Start of Source data

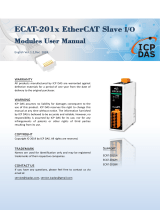 ICP DAS USA ECAT-201x EtherCAT Slave I/O User manual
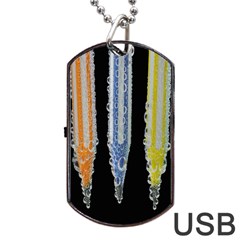 Pencil Colorfull Pattern Dog Tag Usb Flash (one Side) by artworkshop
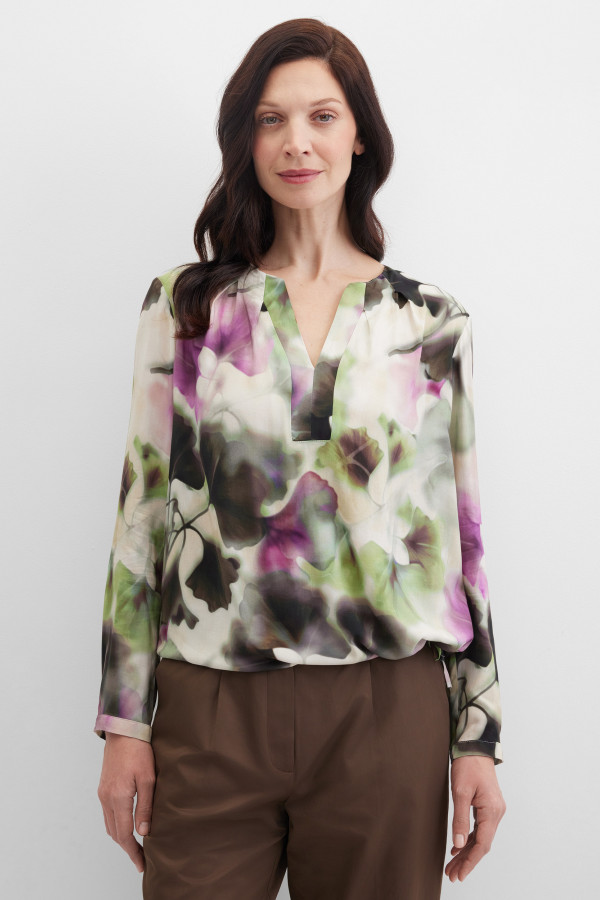 Блузка с длинным рукавом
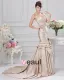 Sweetheart Pleated Floor Length Bowknot Satin Sheath Wedding Dress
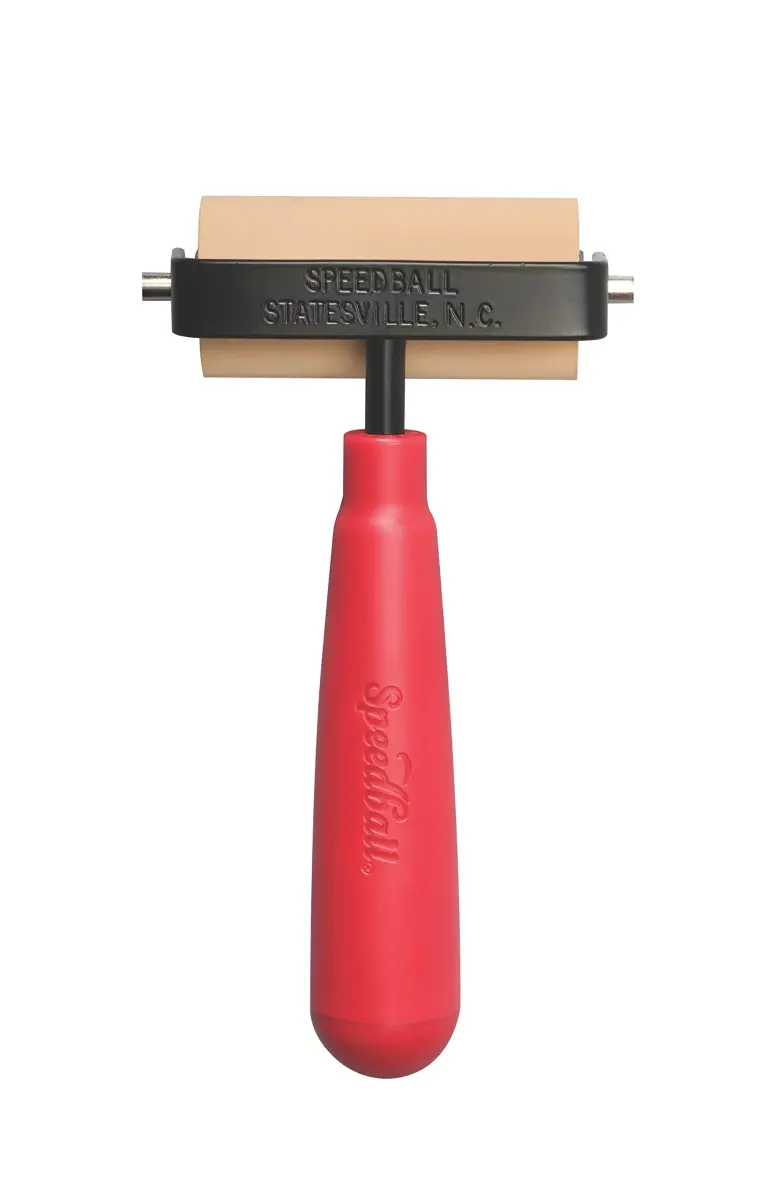 Speedball Soft Rubber Brayer 2.5-Inch | Printmaking Roller for Gel & Block Printing, Crafting - main product image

End of Source data

- Instructions for the task
Output must match the lines from the start of the records above through the line that contains "Sweetheart Pleated Floor", exactly and with every picture removed.

- Task output
 ICP DAS USA ECAT-201x EtherCAT Slave I/O User manual
 Pencil Colorfull Pattern Dog Tag Usb Flash (one Side) by artworkshop
 Блузка с длинным рукавом
 Sweetheart Pleated Floor Length Bowknot Satin Sheath Wedding Dress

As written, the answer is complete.